Each config's results_path receives two pickle files per run (setup_<split>.pkl, run_<split>_<STRATEGY>_seed<N>.pkl) plus a full set of HTML/SVG figures: learning curves (MAE, Kendall's τ), hit discovery curves, calibration curves, miscalibration area, σ–|error| correlation, animated GTM selections, and interactive TMAP/Faerun visualizations.
analysis_combined.py writes cross-config panels (hit/non-hit gap curves, mirror KDE animations) to the --output-dir directory.

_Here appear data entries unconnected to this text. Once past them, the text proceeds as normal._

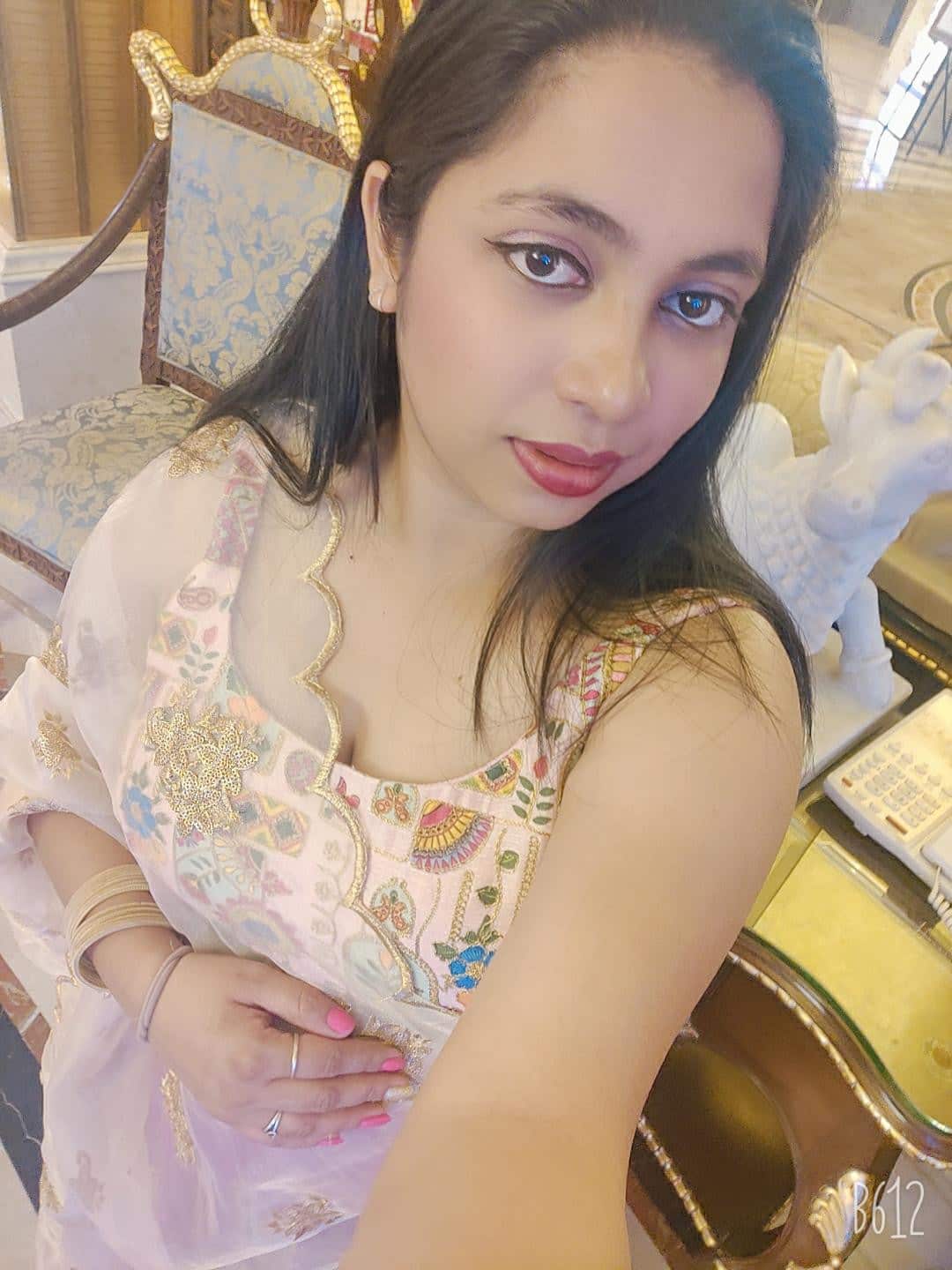 Priyanka Mohanty (Piku)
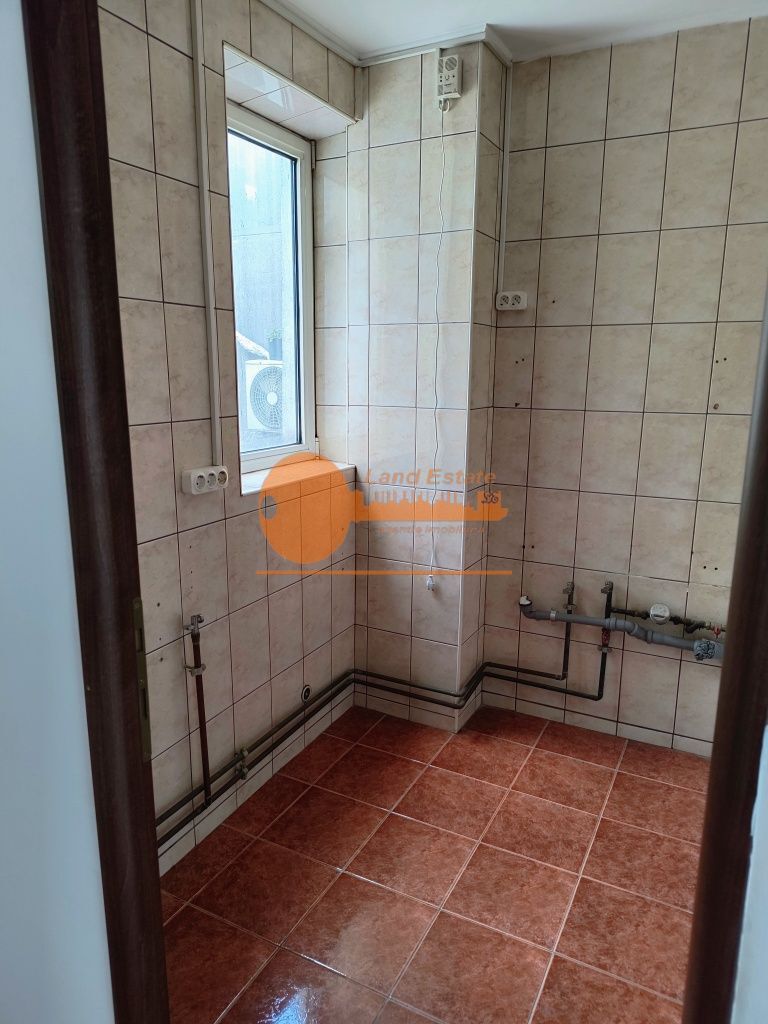 Apartament 2 Camere Lujerului (centrala propie ) Metrou - Poză 5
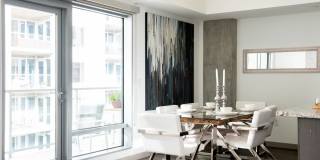 1600 Vine 1600 Vine Gallery 58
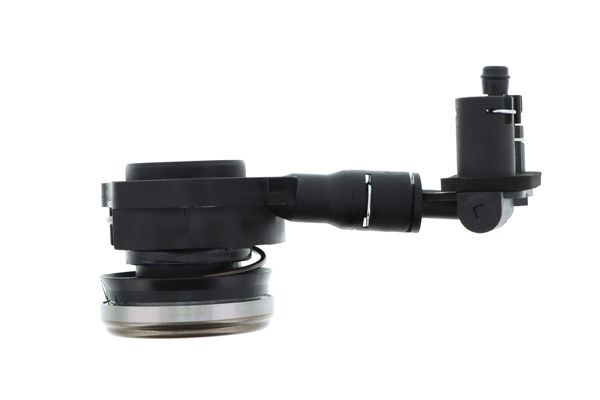 Central Slave Cylinder, clutch (AIS-CSCEFO07)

synthetic_run.py + synthetic_analysis.py mirror the real pipeline exactly, replacing committee training with a parametric SyntheticOracle. MAE and uncertainty quality (Spearman ρ between σ and |error|) ramp linearly from initial to final values over the campaign, enabling rapid GPU-free ablations across oracle tiers (rho00 → rho09). Output pickles are identical in format to run.py, so analysis.py and analysis_combined.py work unchanged.
python verify_stats.pyPerforms one-to-one verification of all statistical claims in blogpost.md. Run after generating results.
| Field | PXR | ASAP Mpro |
|---|---|---|
| SMILES column | SMILES |
CXSMILES |
| Activity column | pEC50 |
pIC50 (SARS-CoV-2 Mpro) |
| Split type | random (80/20) | predefined (Set column: Train/Test) |
| Pool size | ~3312 | 1031 |
| Test size | ~828 | 297 |
After loading, both SMILES and activity columns are renamed to smiles and pEC50 internally.